» **Stored data**
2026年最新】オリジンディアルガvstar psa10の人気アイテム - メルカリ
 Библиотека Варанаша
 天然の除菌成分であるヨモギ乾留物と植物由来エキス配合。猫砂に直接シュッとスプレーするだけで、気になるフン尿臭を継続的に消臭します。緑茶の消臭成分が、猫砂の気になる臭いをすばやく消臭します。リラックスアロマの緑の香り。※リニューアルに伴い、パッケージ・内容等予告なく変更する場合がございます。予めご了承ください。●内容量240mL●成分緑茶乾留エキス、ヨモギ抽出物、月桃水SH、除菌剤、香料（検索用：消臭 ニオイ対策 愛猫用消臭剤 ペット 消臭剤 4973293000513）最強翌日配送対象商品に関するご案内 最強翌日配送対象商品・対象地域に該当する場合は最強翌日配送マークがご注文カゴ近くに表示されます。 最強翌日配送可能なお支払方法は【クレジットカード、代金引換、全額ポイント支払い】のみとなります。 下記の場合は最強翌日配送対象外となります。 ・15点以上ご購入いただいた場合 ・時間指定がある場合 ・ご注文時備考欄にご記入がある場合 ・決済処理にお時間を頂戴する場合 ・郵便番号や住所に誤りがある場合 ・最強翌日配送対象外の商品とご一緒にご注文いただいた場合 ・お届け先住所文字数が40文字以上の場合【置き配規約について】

» **Task**
Repeat only the lines starting at the one that contains "Библиотека Варанаша" and ending at the last line above, exactly as written.

» **Reply to the task**
 Библиотека Варанаша
 天然の除菌成分であるヨモギ乾留物と植物由来エキス配合。猫砂に直接シュッとスプレーするだけで、気になるフン尿臭を継続的に消臭します。緑茶の消臭成分が、猫砂の気になる臭いをすばやく消臭します。リラックスアロマの緑の香り。※リニューアルに伴い、パッケージ・内容等予告なく変更する場合がございます。予めご了承ください。●内容量240mL●成分緑茶乾留エキス、ヨモギ抽出物、月桃水SH、除菌剤、香料（検索用：消臭 ニオイ対策 愛猫用消臭剤 ペット 消臭剤 4973293000513）最強翌日配送対象商品に関するご案内 最強翌日配送対象商品・対象地域に該当する場合は最強翌日配送マークがご注文カゴ近くに表示されます。 最強翌日配送可能なお支払方法は【クレジットカード、代金引換、全額ポイント支払い】のみとなります。 下記の場合は最強翌日配送対象外となります。 ・15点以上ご購入いただいた場合 ・時間指定がある場合 ・ご注文時備考欄にご記入がある場合 ・決済処理にお時間を頂戴する場合 ・郵便番号や住所に誤りがある場合 ・最強翌日配送対象外の商品とご一緒にご注文いただいた場合 ・お届け先住所文字数が40文字以上の場合【置き配規約について】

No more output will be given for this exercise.